Here is an excerpt from the Conference Board report.
“Consumer confidence improved in March, as expectations for the short-term outlook bounced back from February’s decline,” said Lynn Franco, Director of Economic Indicators at The Conference Board. “While consumers were moderately more upbeat about future job prospects and the overall economy, they were less optimistic about income growth. The Present Situation index, which had been on an upward trend for the past four months, was relatively unchanged in March. Overall, consumers expect the economy to continue improving and believe it may even pick up a little steam in the months ahead.”

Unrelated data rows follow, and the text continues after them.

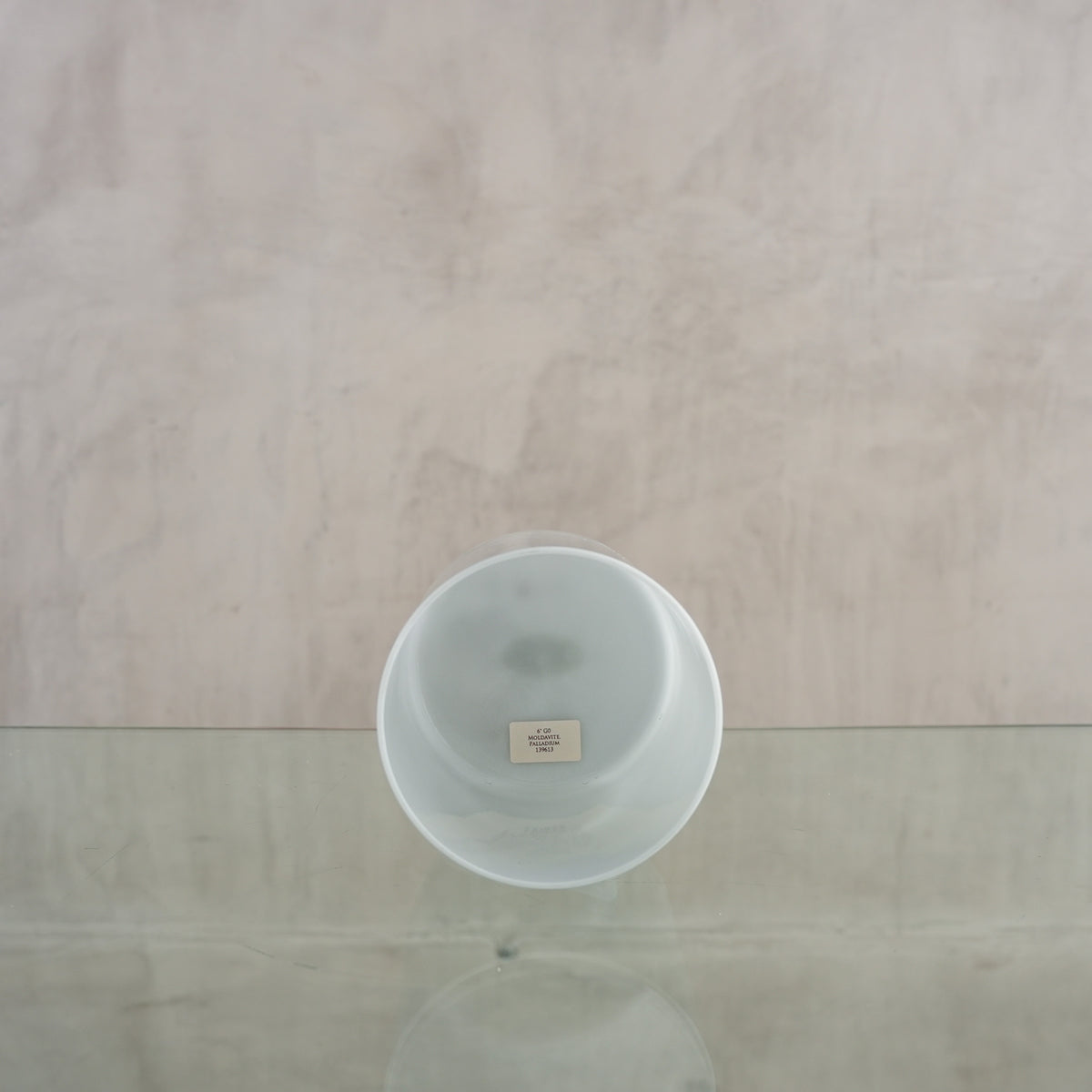 Crystal singing bowl 139613, facing view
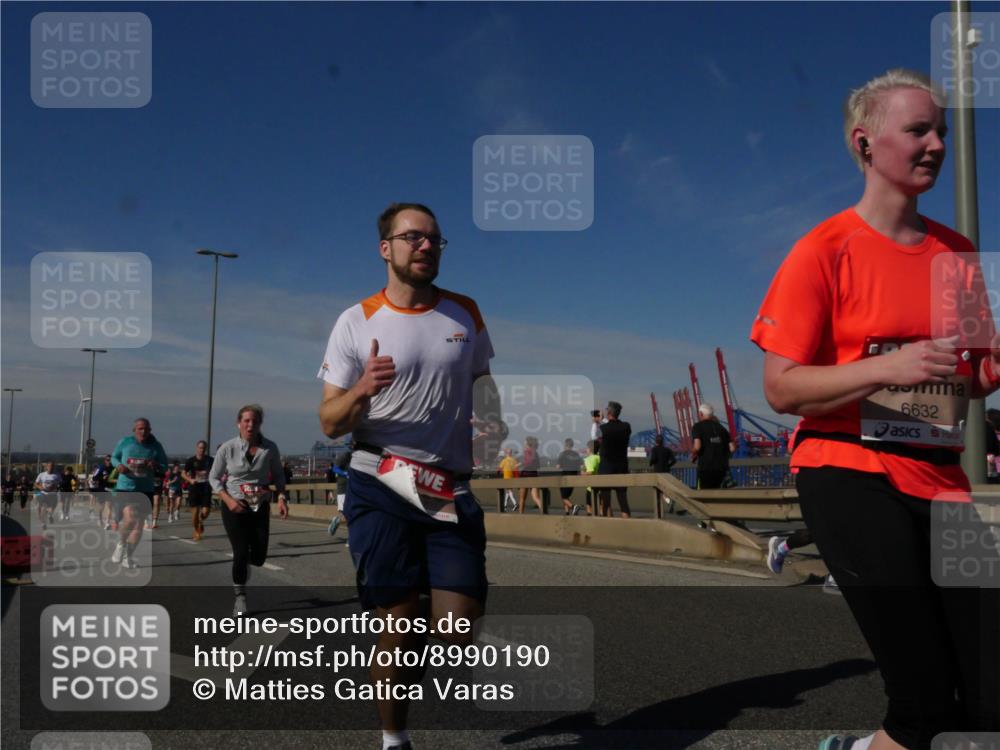 03.10.2025 - Köhlbrandbrückenlauf Matties Gatica Varas http://msf.ph/oto/8990190 03.10.2025 12:39:22 Position 2 6632 meine-sportfotos.de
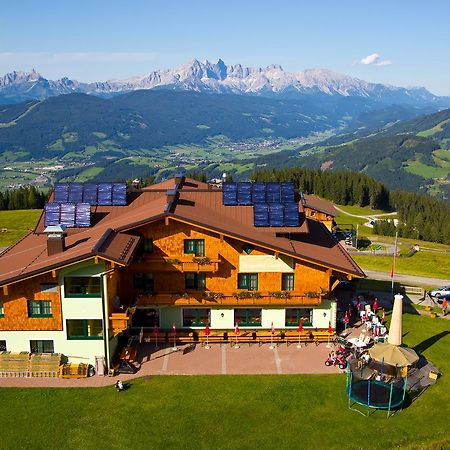 ホテルBerggasthof Latschenhof フラッハウ エクステリア 写真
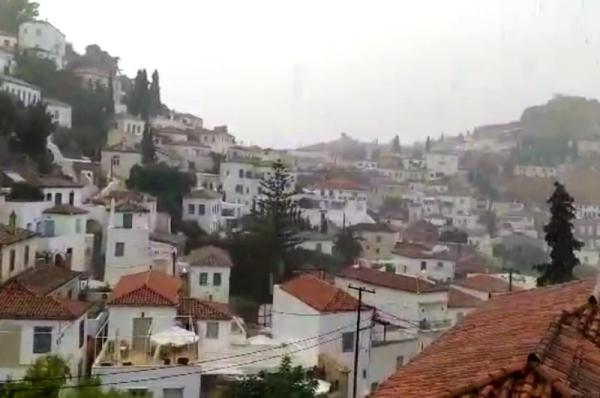 Η "Θάλεια"  έφερε βροχές και καταιγίδες και στην Ύδρα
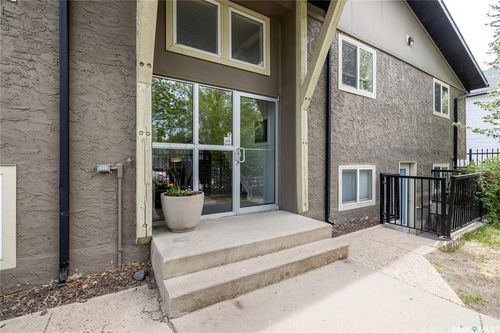 202-521 18th St W, Saskatoon, SK, S7M1C8 | Card Image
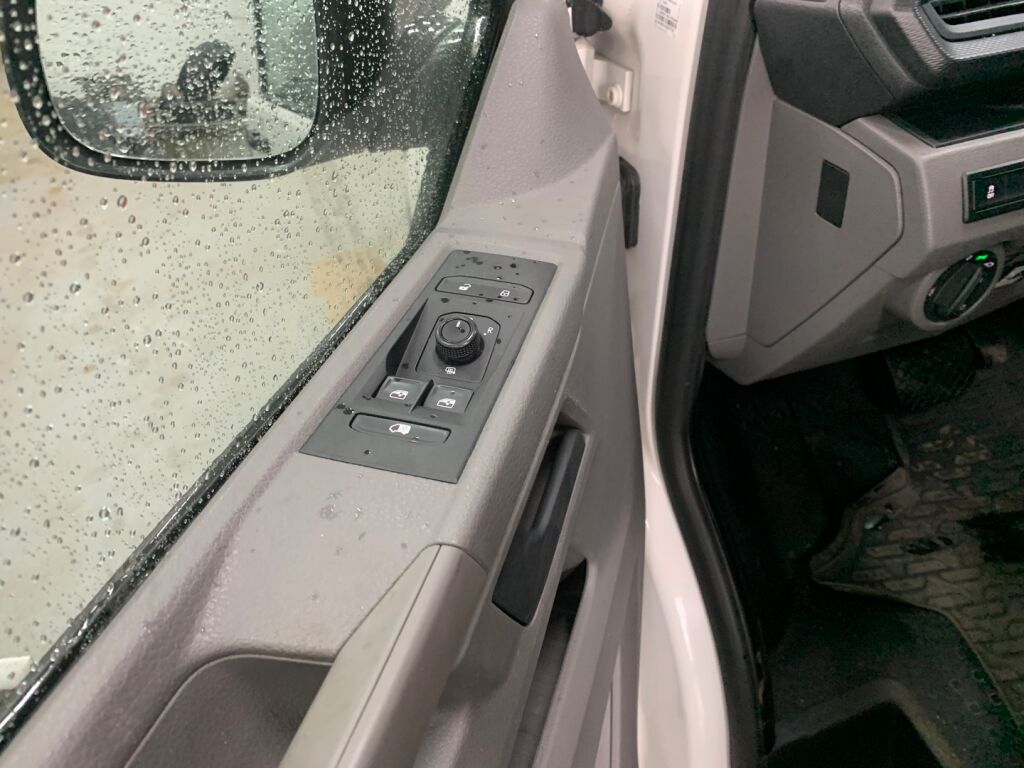 Volkswagen Transporter 2021 Valkoinen
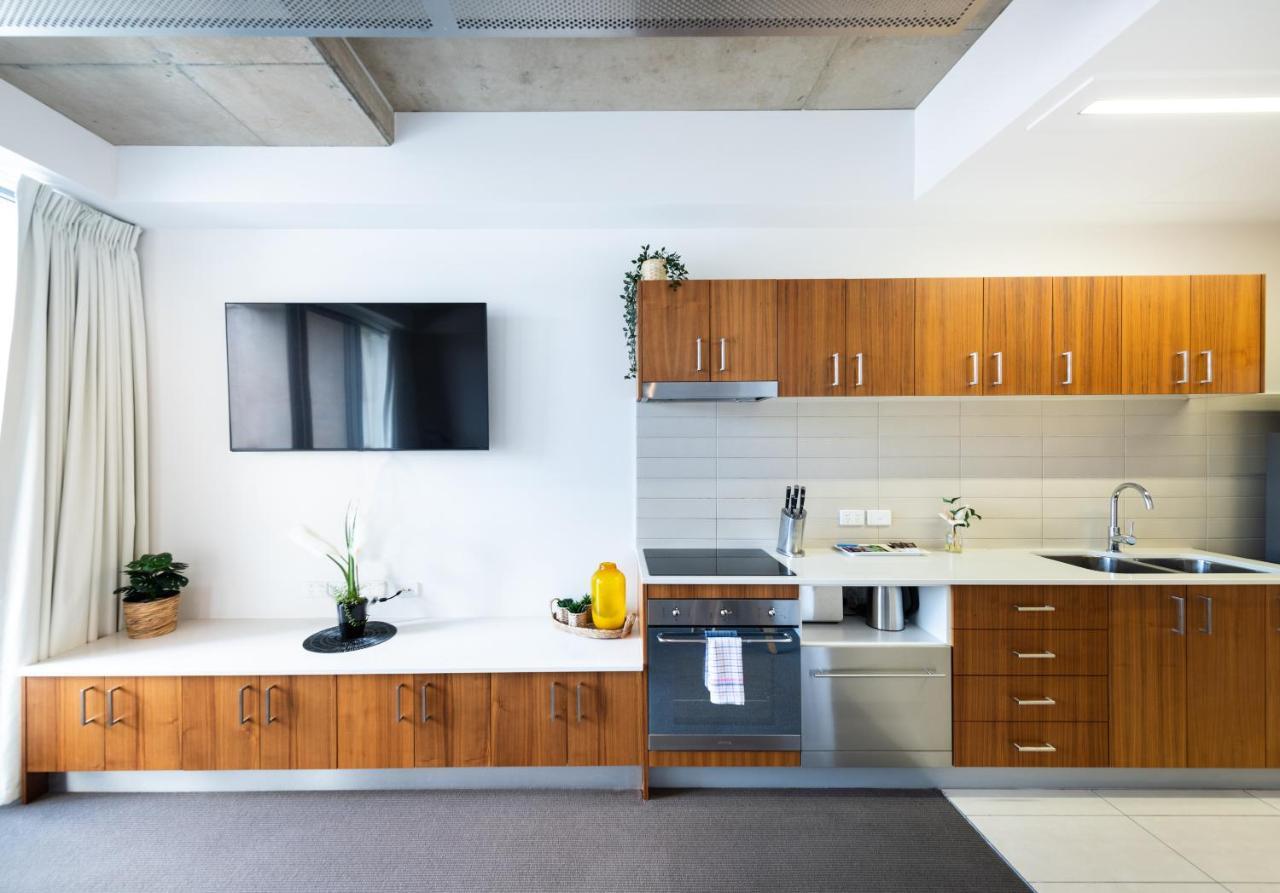 Mode 220 Braddon Act * Canberra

Consumers’ assessment of current conditions was little changed in March. Those claiming business conditions are “good” increased to 22.9 percent from 21.2 percent; however, those claiming business conditions are “bad” also rose, to 23.2 percent from 22.0 percent. Consumers’ appraisal of the labor market was relatively unchanged. Those claiming jobs are “plentiful” decreased marginally to 13.1 percent from 13.4 percent, while those saying jobs are “hard to get” increased slightly to 33.0 percent from 32.4 percent.
Consumers’ expectations, which fell last month, rebounded in March. The percentage of consumers expecting business conditions to improve over the next six months increased to 18.1 percent from 17.3 percent, while those anticipating business conditions to worsen declined to 10.2 percent from 13.6 percent. Consumers’ outlook for the labor market was also moderately more optimistic. Those expecting more jobs in the months ahead edged up to 13.9 percent from 13.7 percent, while those expecting fewer jobs fell to 18.0 percent from 20.9 percent. The proportion of consumers expecting their incomes to grow declined to 14.9 from 15.8 percent, but those anticipating a decline in their incomes also decreased, to 12.1 percent from 13.4 percent. [press release]
Putting the Latest Number in Context
Let’s take a step back and put Lynn Franco’s interpretation in a larger perspective. The table here shows the average consumer confidence levels for each of the five recessions during the history of this monthly data series, which dates from June 1977. The latest number has moved 12.9 points above the recession mindset but remains 12.0 points below the non-recession average.
The chart below is another attempt to evaluate the historical context for this index as a coincident indicator of the economy. Toward this end I have highlighted recessions and included GDP. The exponential regression through the index data shows the long-term trend and highlights the extreme volatility of this indicator. Statisticians may assign little significance to a regression through this sort of data. But the slope clearly resembles the regression trend for real GDP shown below, and it is a more revealing gauge of relative confidence than the 1985 level of 100 that the Conference Board cites as a point of reference. Today’s reading of 82.3 is now above the current regression point of 78.2.
On a percentile basis, the latest reading is at the 35.3 percentile of all the monthly readings since the start of the monthly data series in June 1977 and at the 31.0 percentile of non-recessionary months.